Required work
For this task, extract exactly the lines of the data below, from the line containing "LyteGlobal's tweet photo." through the last one, with pictures left out.

Raw data
---
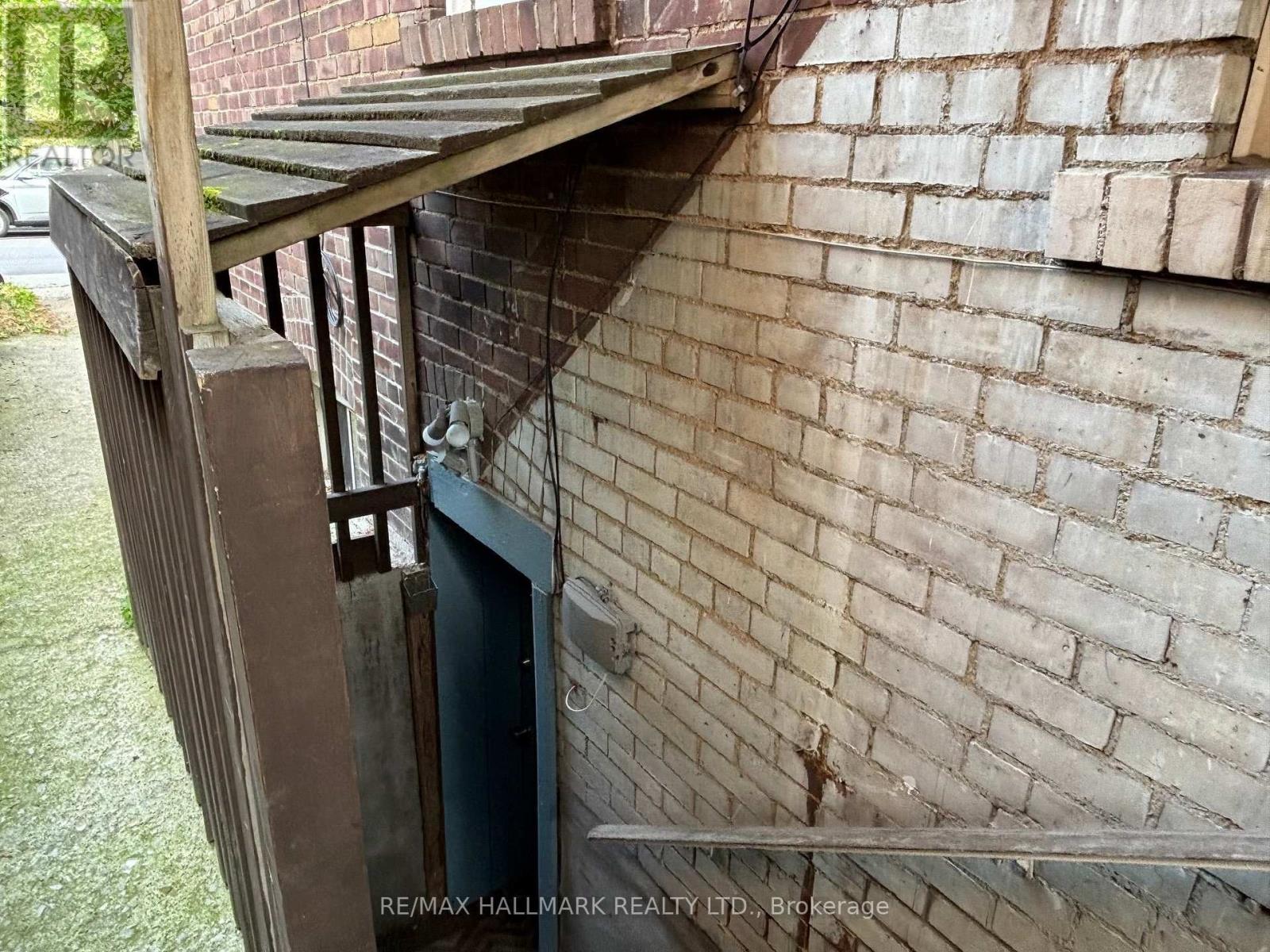 Lower - 2 Page Street, Toronto, Ontario  M6G 1J2 - Photo 10 - C13675300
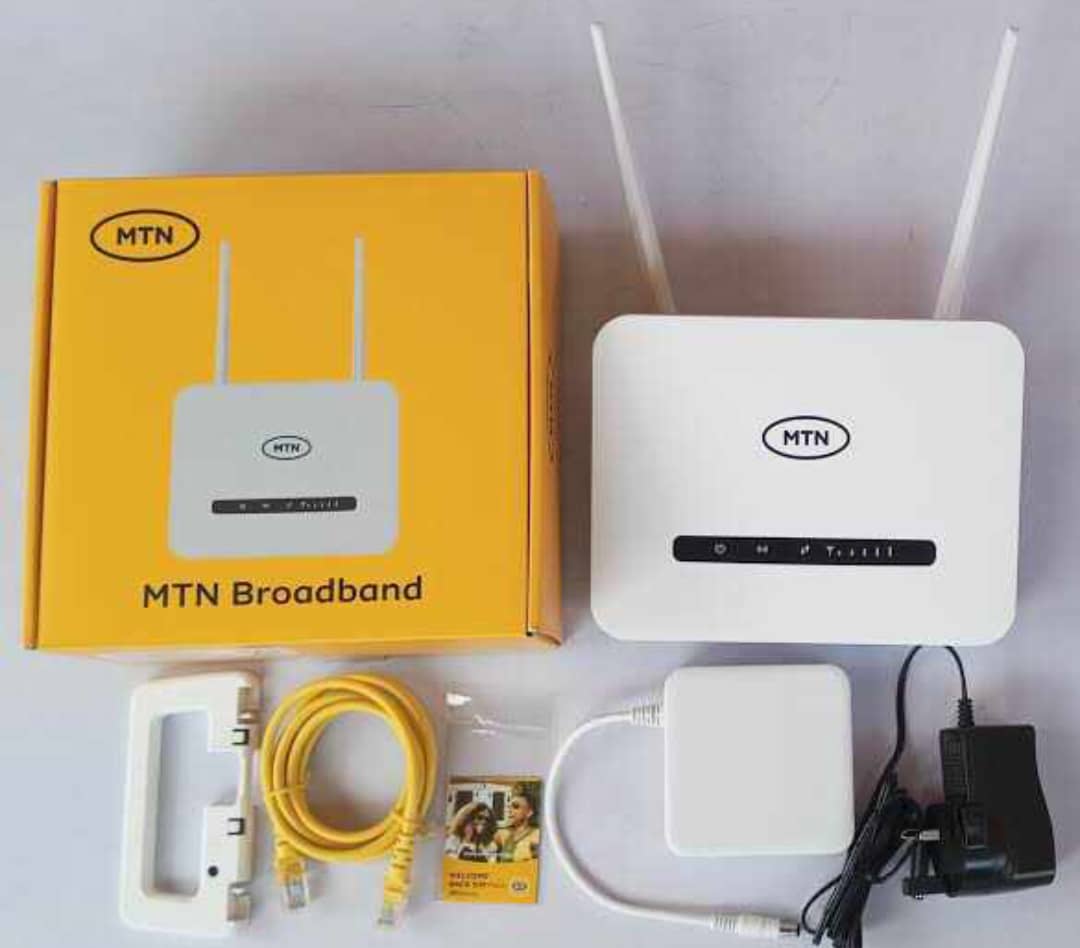 LyteGlobal's tweet photo. Feeling those #SundayVibes? Take the internet with you anywhere you go with HynetFlex and MiFi. Stay connected and enjoy seamless browsing. Dm us for your own today! #WiFiOnTheGo #StayConnected #InternetForEveryone https://t.co/QFpfYOegFL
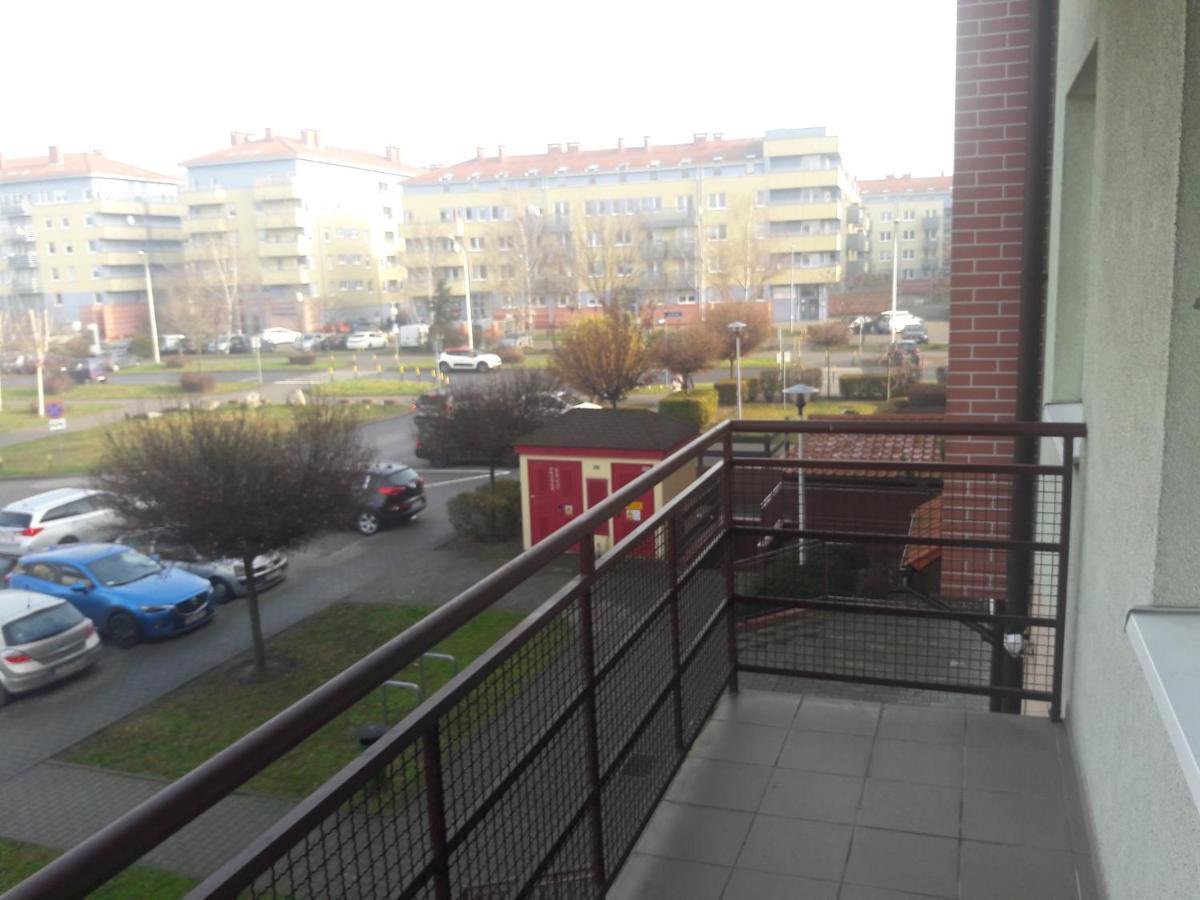 Ferienwohnung Stronska Breslau Exterior foto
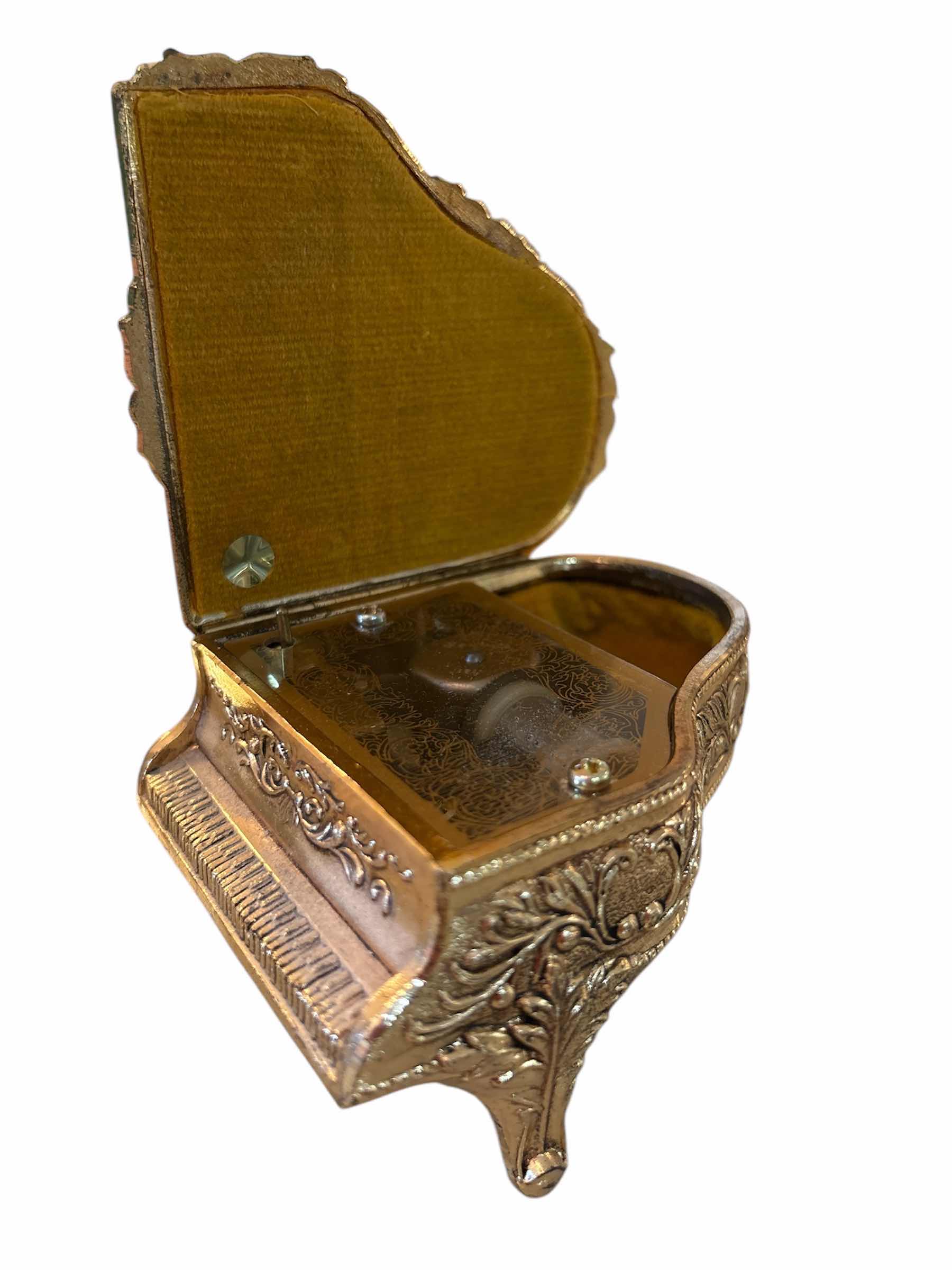 Photo 1 of WESTLAND EDEL WISE PIANO MUSIC BOX - MADE IN JAPAN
---
Exercise solution
 LyteGlobal's tweet photo. Feeling those #SundayVibes? Take the internet with you anywhere you go with HynetFlex and MiFi. Stay connected and enjoy seamless browsing. Dm us for your own today! #WiFiOnTheGo #StayConnected #InternetForEveryone https://t.co/QFpfYOegFL
 Ferienwohnung Stronska Breslau Exterior foto
 Photo 1 of WESTLAND EDEL WISE PIANO MUSIC BOX - MADE IN JAPAN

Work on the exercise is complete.